### What the task requires
The response must be the exact lines from the one that contains "Blue Waves OnePlus 12R Glass Case" through the end of the material, with no pictures and no additional lines.
+-------+
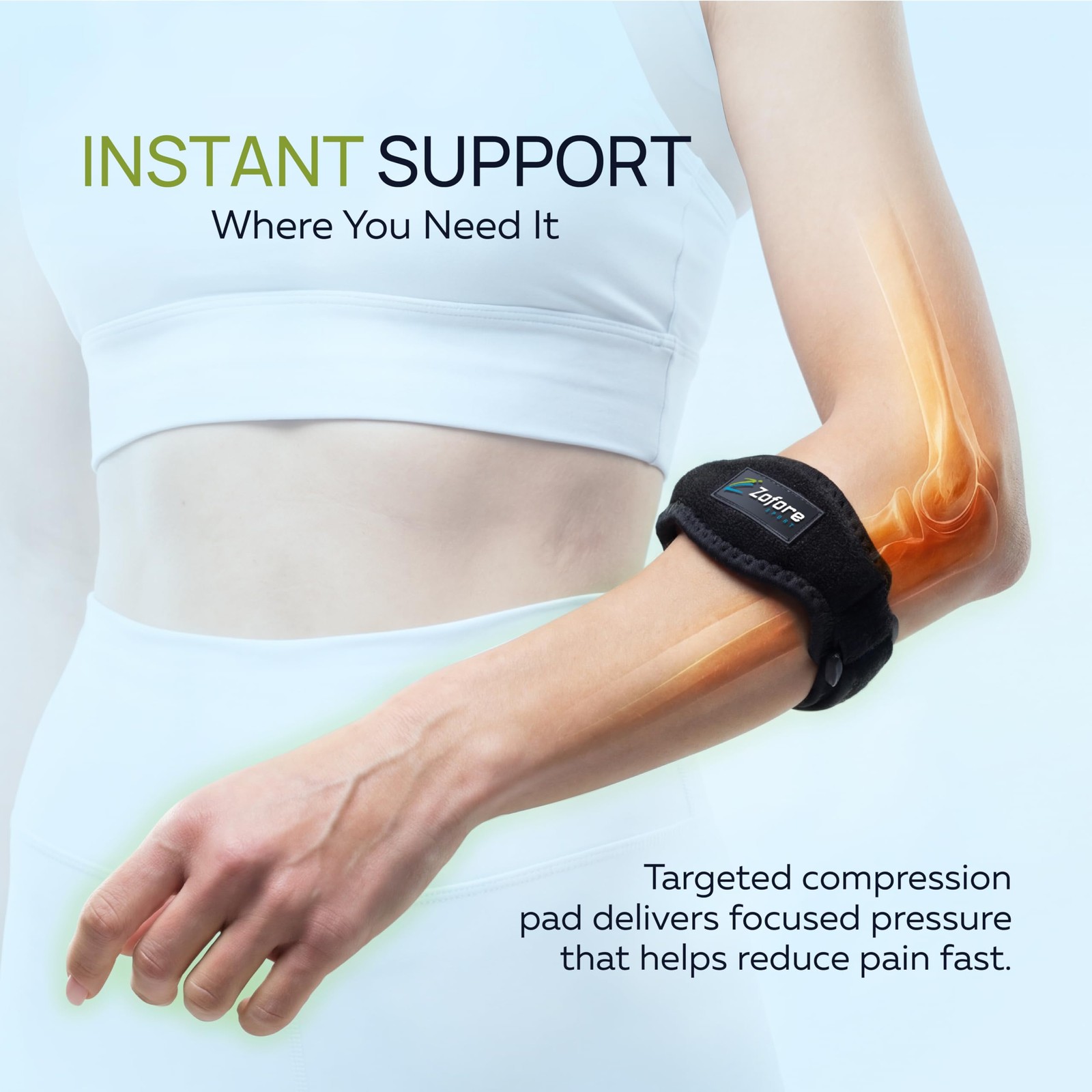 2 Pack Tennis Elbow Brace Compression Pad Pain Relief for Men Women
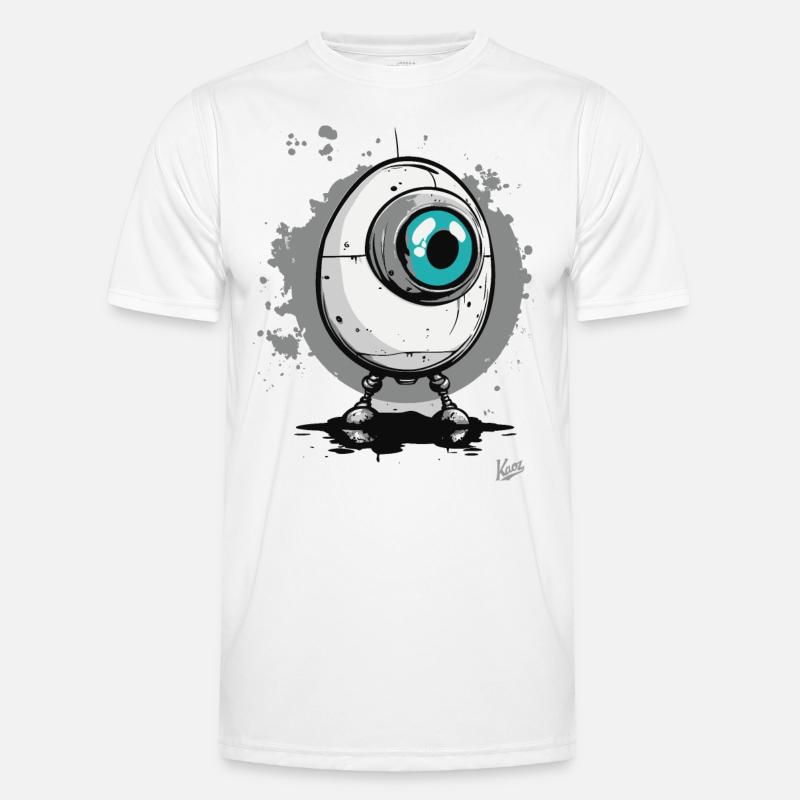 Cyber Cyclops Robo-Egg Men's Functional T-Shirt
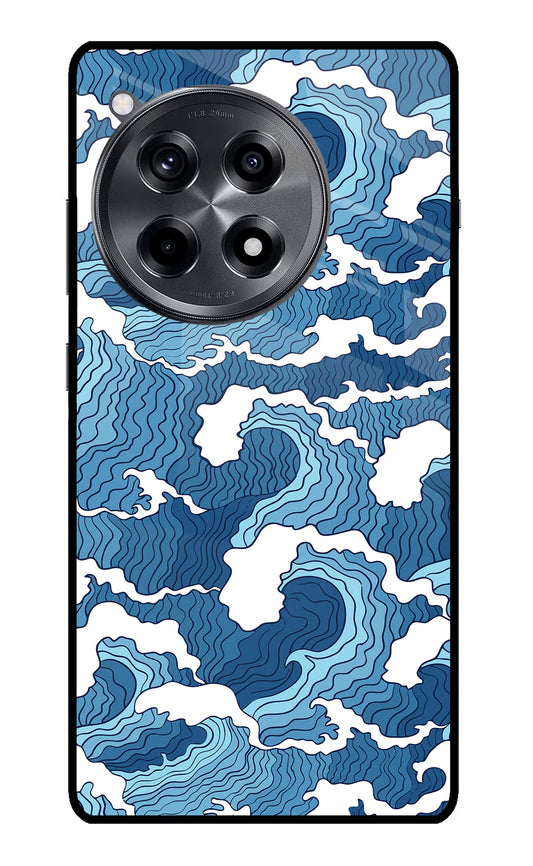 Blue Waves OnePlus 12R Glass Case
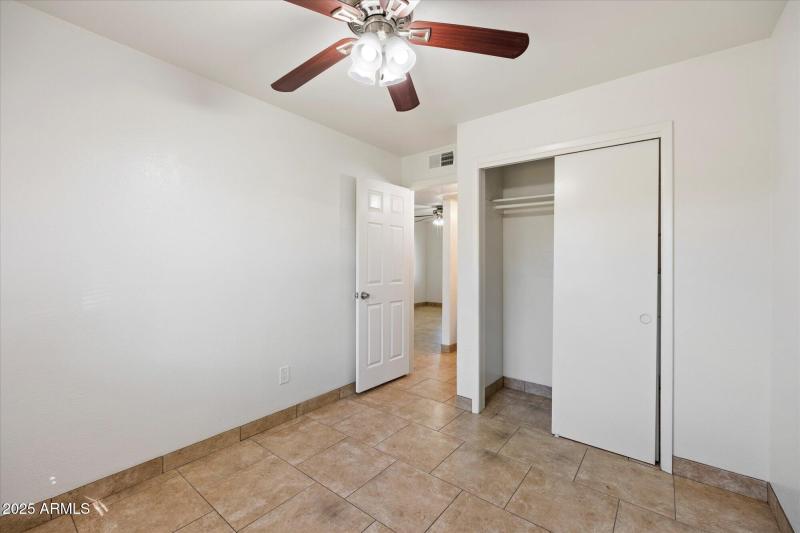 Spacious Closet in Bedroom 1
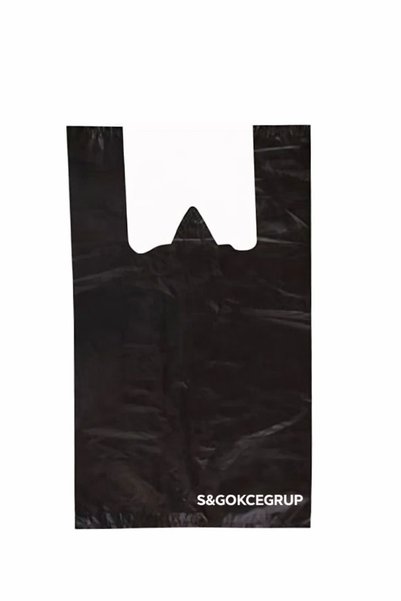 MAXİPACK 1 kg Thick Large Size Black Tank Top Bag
+-------+
### Answer box
 Blue Waves OnePlus 12R Glass Case
 Spacious Closet in Bedroom 1
 MAXİPACK 1 kg Thick Large Size Black Tank Top Bag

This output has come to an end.